### [Exercise requirements]
Each line of the material is to be written out exactly.

### [Provided material]
+++

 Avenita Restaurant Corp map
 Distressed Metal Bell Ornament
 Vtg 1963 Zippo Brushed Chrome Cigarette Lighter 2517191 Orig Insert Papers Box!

+++

### [Exercise result]
 Avenita Restaurant Corp map
 Distressed Metal Bell Ornament
 Vtg 1963 Zippo Brushed Chrome Cigarette Lighter 2517191 Orig Insert Papers Box!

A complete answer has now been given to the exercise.